START Input records

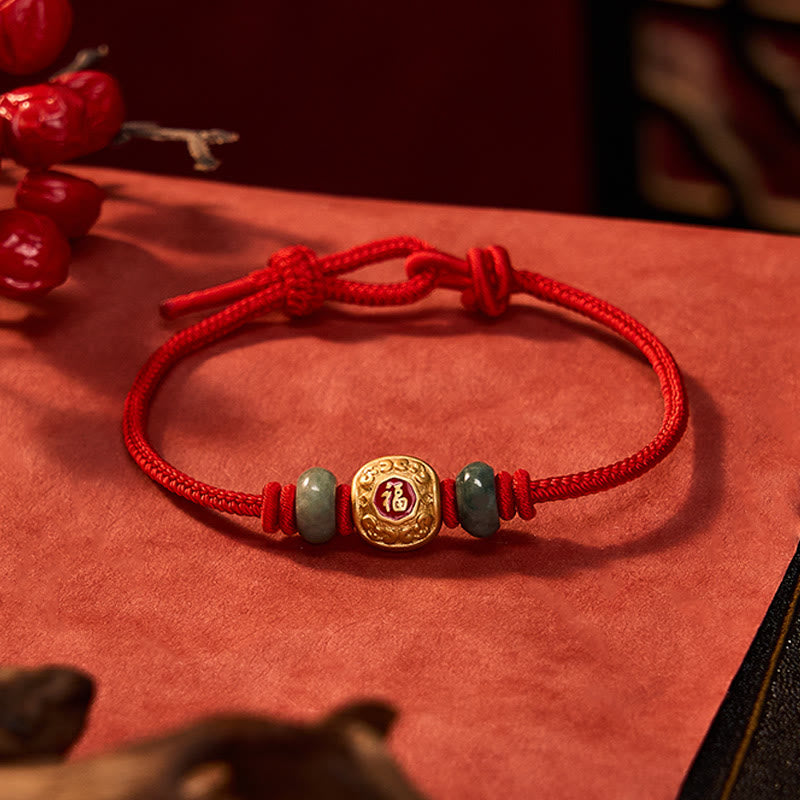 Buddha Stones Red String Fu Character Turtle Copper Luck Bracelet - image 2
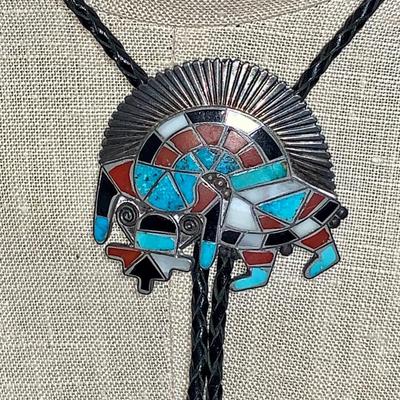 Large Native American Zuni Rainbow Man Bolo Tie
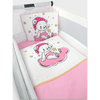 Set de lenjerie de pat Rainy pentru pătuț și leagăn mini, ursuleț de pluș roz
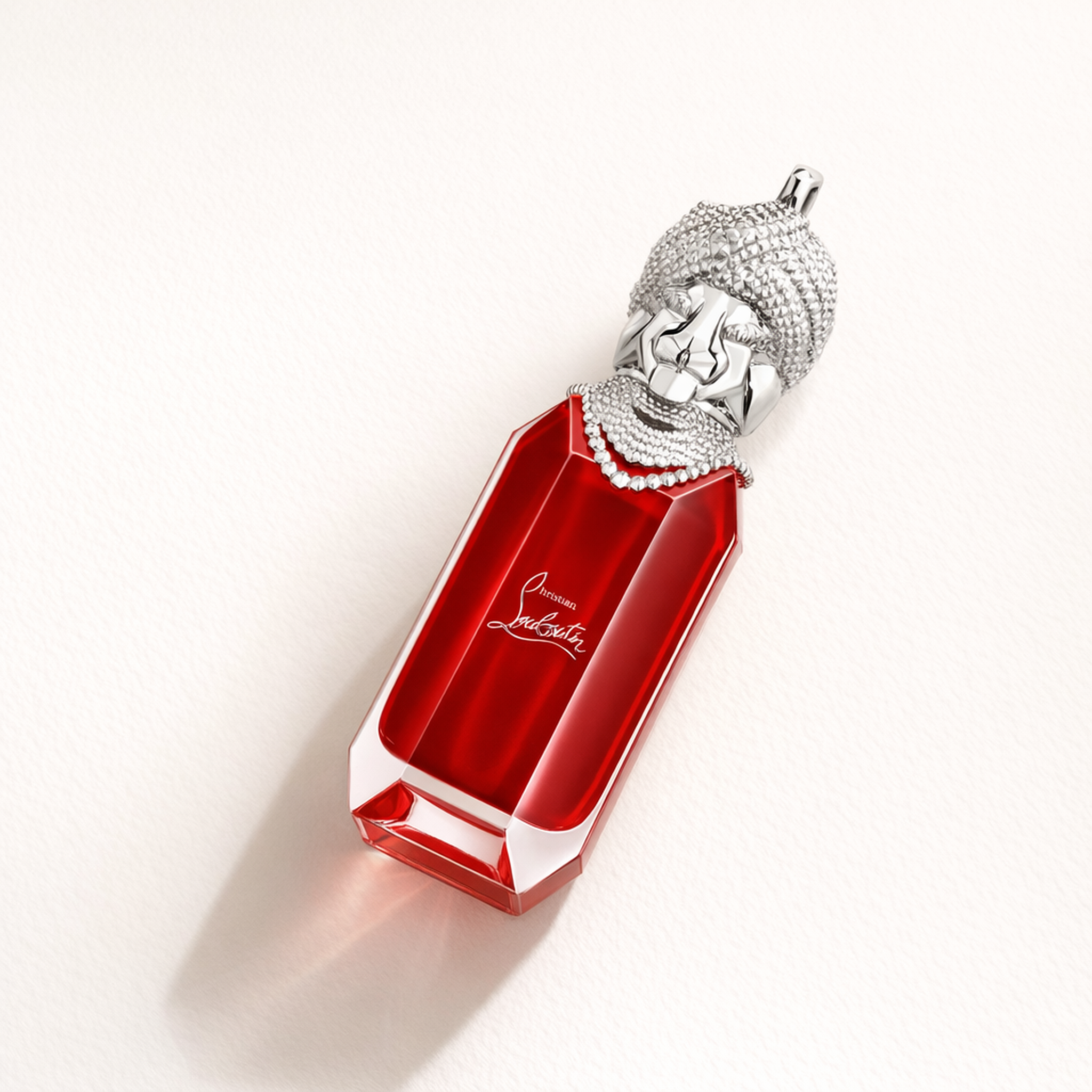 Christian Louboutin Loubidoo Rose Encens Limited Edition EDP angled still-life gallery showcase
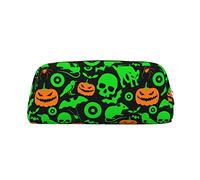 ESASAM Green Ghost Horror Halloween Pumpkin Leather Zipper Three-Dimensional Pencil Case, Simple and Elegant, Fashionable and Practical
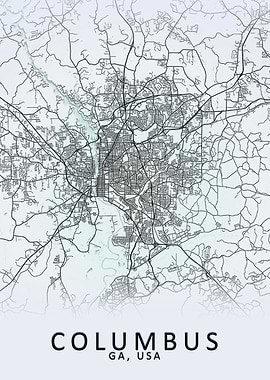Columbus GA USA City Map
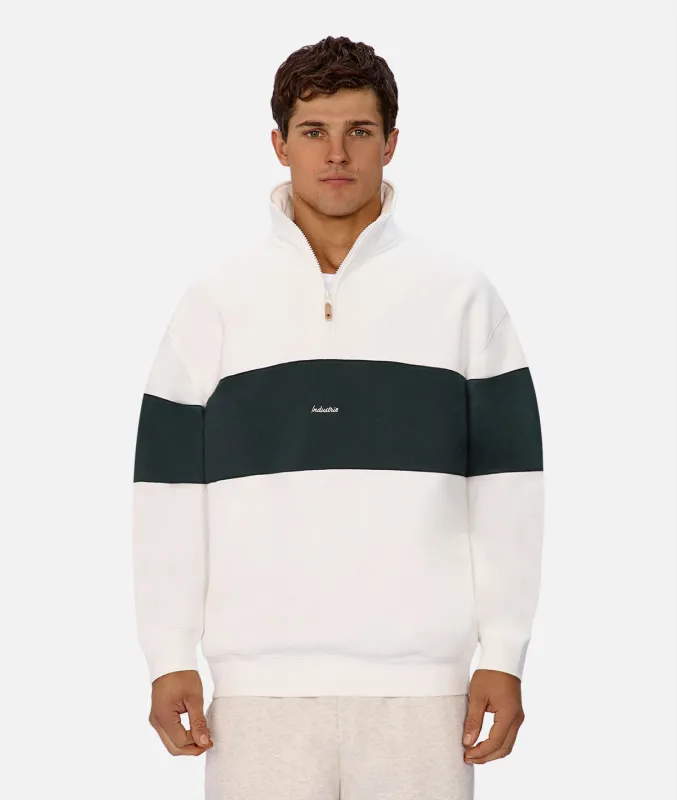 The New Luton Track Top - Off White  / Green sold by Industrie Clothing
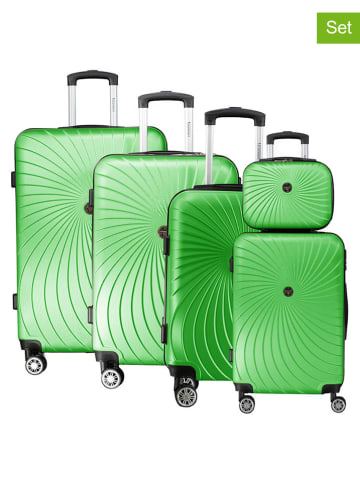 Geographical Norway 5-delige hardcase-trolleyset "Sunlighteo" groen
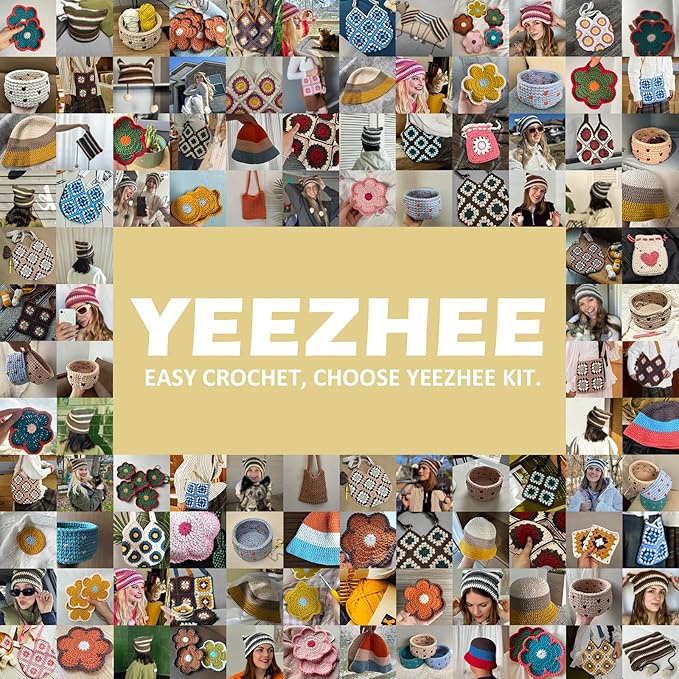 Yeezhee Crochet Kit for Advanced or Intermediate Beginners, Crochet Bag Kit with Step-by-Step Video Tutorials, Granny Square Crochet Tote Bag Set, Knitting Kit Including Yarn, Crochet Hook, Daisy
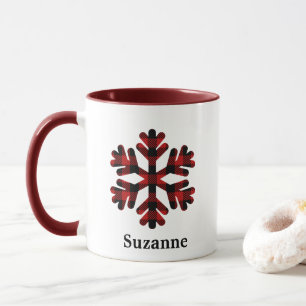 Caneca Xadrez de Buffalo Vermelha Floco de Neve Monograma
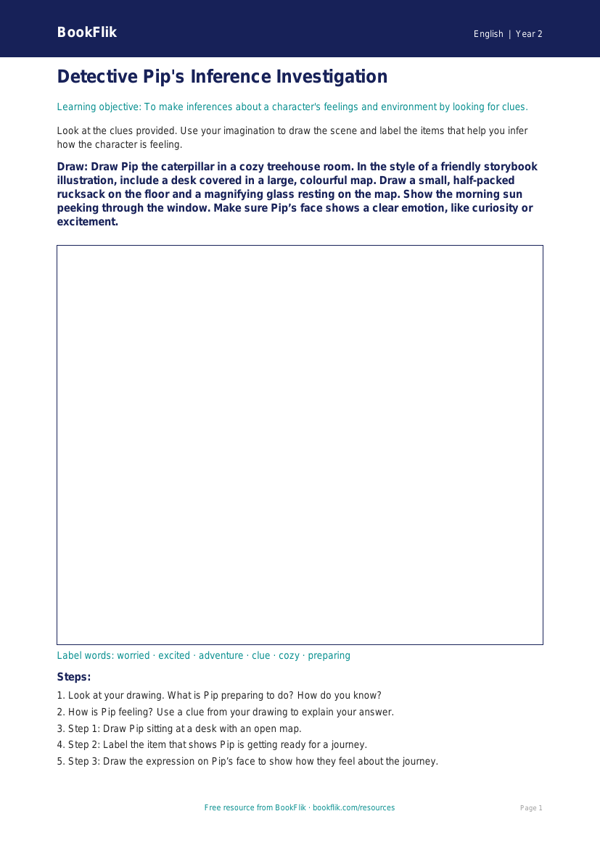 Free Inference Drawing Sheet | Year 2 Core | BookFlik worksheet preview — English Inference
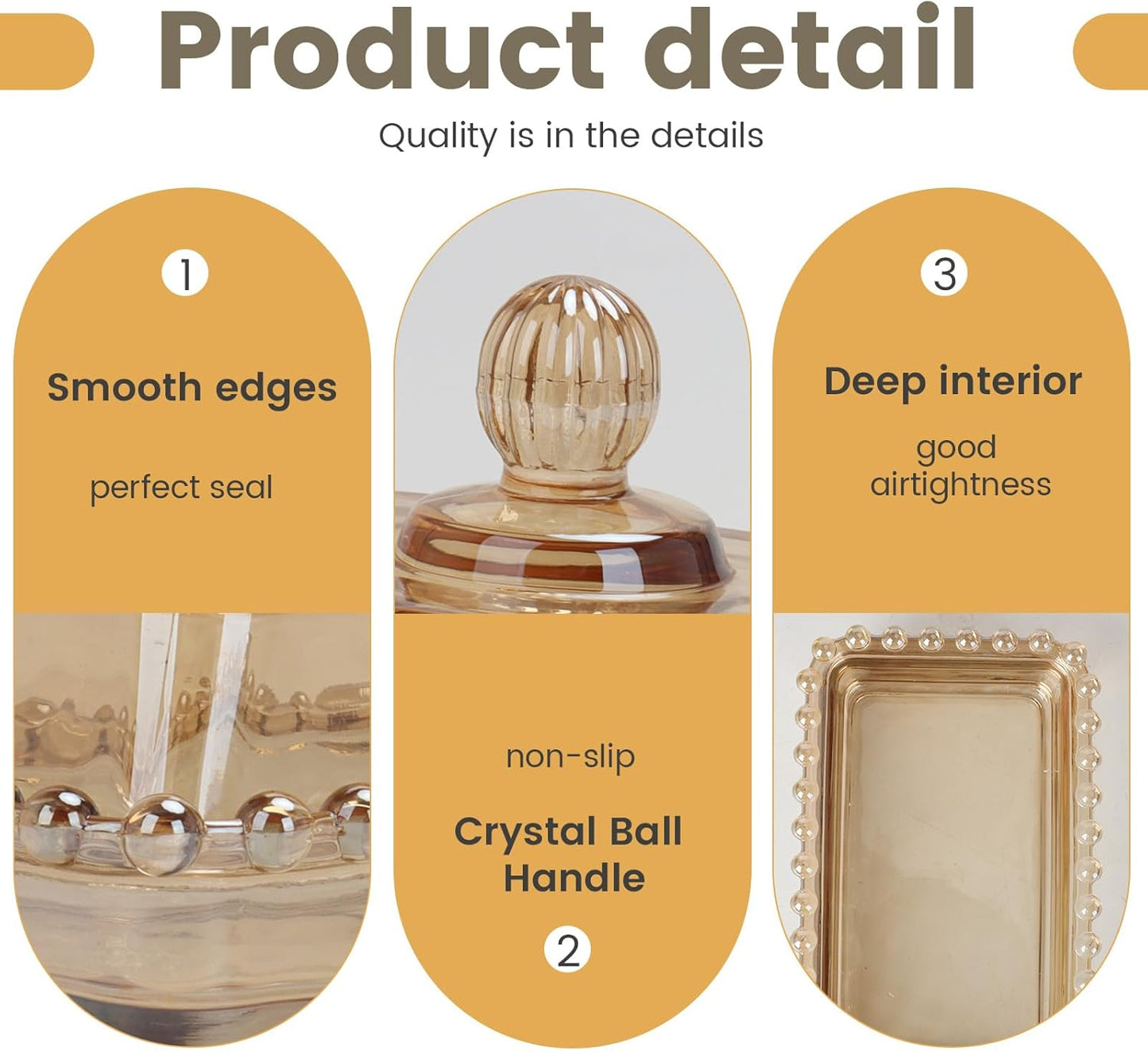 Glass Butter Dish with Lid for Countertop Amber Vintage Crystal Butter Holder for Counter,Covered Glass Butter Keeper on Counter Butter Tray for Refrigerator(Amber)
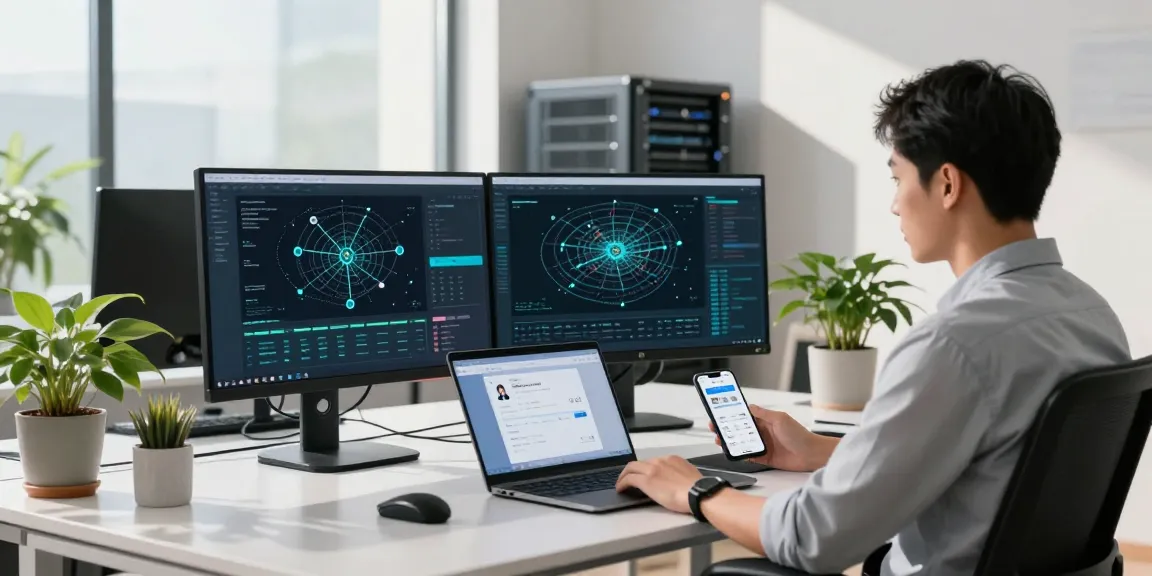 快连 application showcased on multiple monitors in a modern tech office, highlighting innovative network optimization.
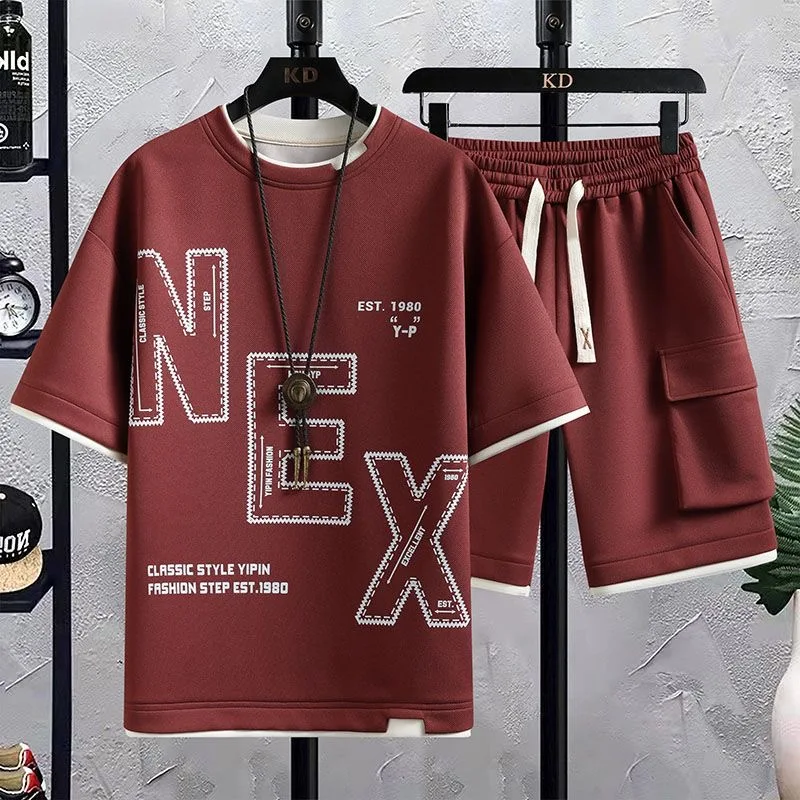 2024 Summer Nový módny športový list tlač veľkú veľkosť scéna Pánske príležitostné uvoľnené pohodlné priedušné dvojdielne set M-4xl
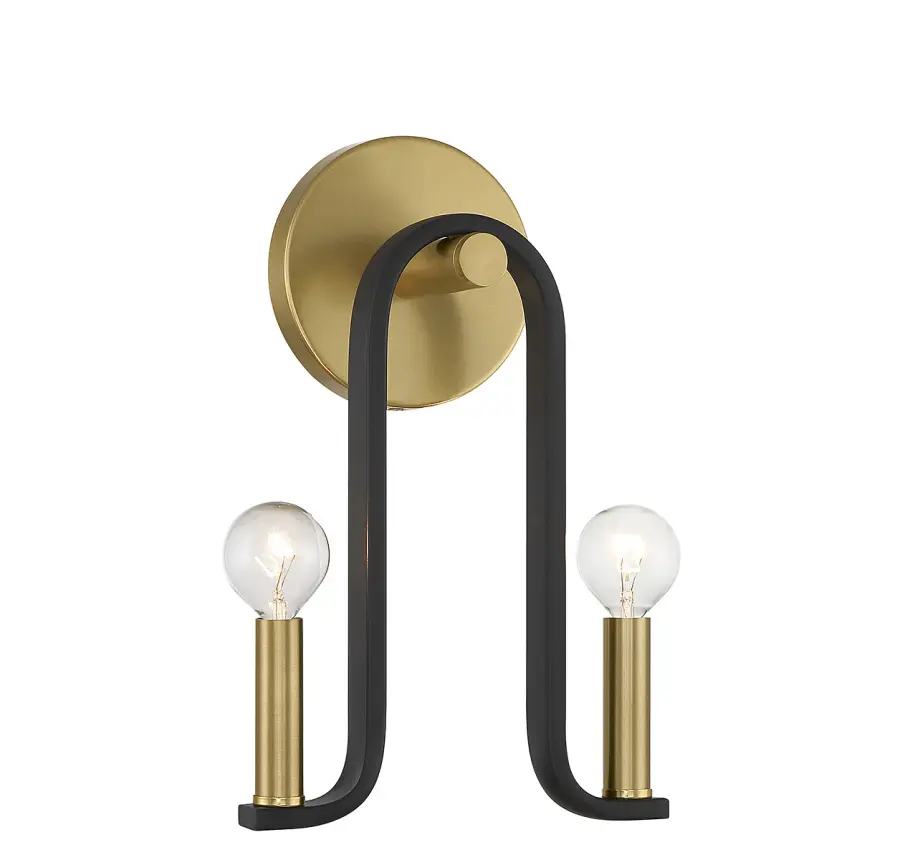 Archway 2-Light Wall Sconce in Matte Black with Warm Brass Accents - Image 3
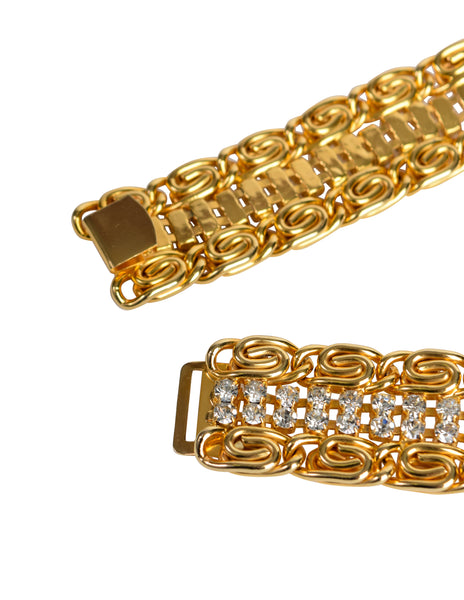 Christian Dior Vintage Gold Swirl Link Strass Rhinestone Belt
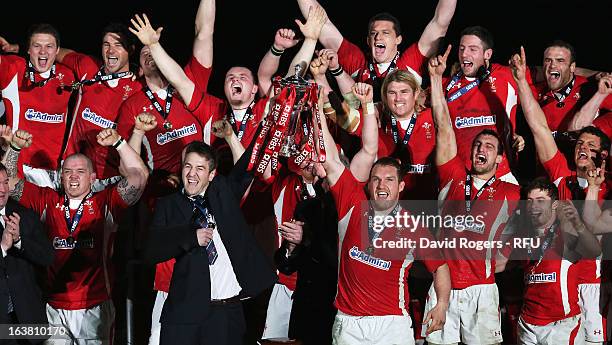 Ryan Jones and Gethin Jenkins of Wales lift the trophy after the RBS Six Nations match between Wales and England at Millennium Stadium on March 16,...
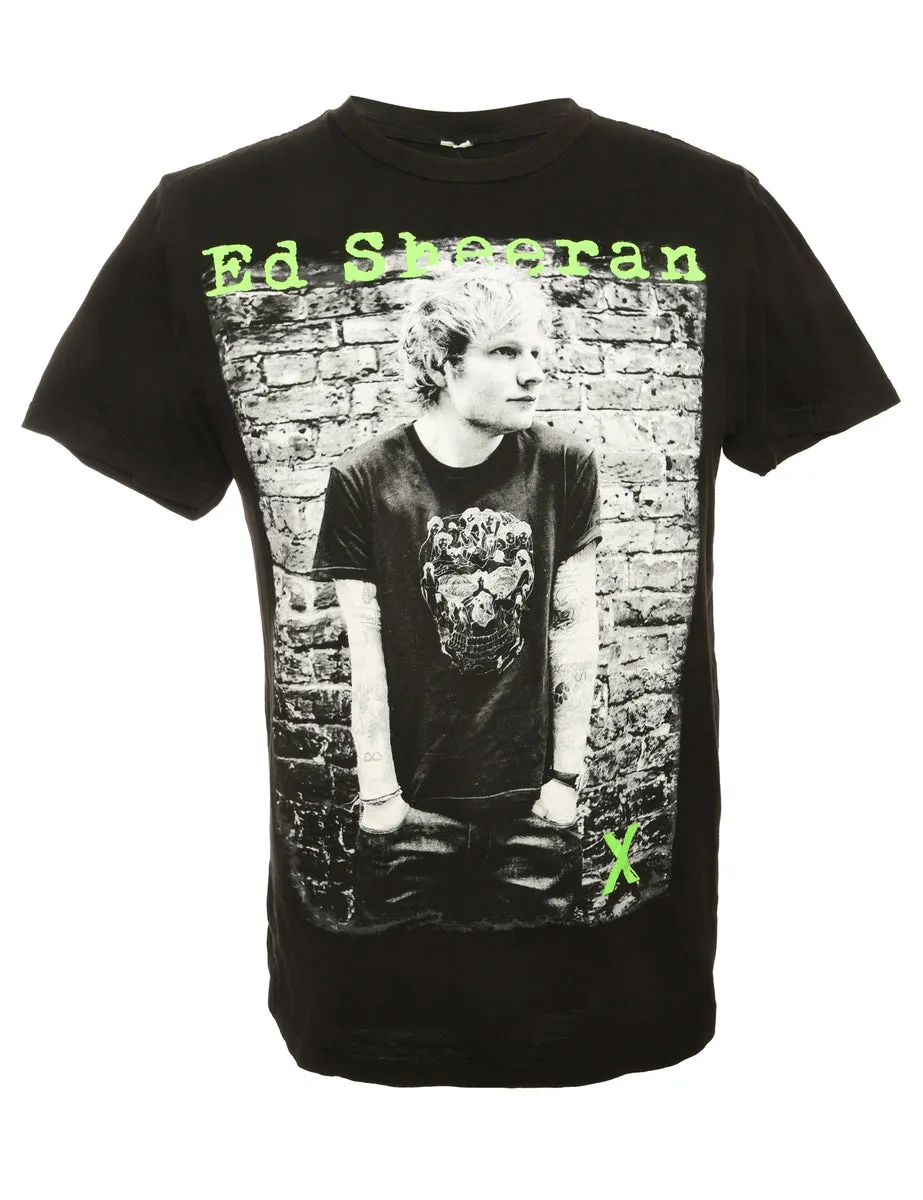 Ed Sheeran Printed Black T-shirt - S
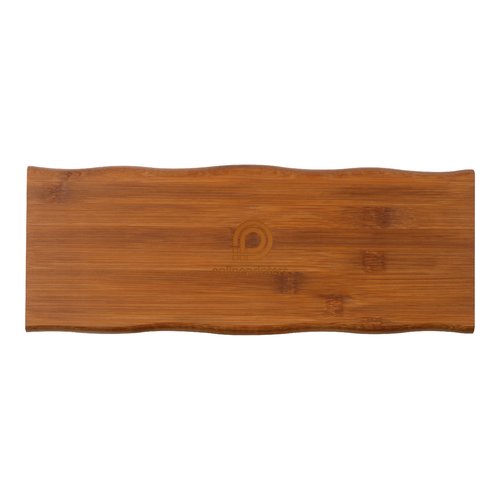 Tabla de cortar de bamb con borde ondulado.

END Input records

The output is the lines from the start of the data above through the line containing "Christian Louboutin Loubidoo", unchanged, with any picture left out.

 Buddha Stones Red String Fu Character Turtle Copper Luck Bracelet - image 2
 Large Native American Zuni Rainbow Man Bolo Tie
 Set de lenjerie de pat Rainy pentru pătuț și leagăn mini, ursuleț de pluș roz
 Christian Louboutin Loubidoo Rose Encens Limited Edition EDP angled still-life gallery showcase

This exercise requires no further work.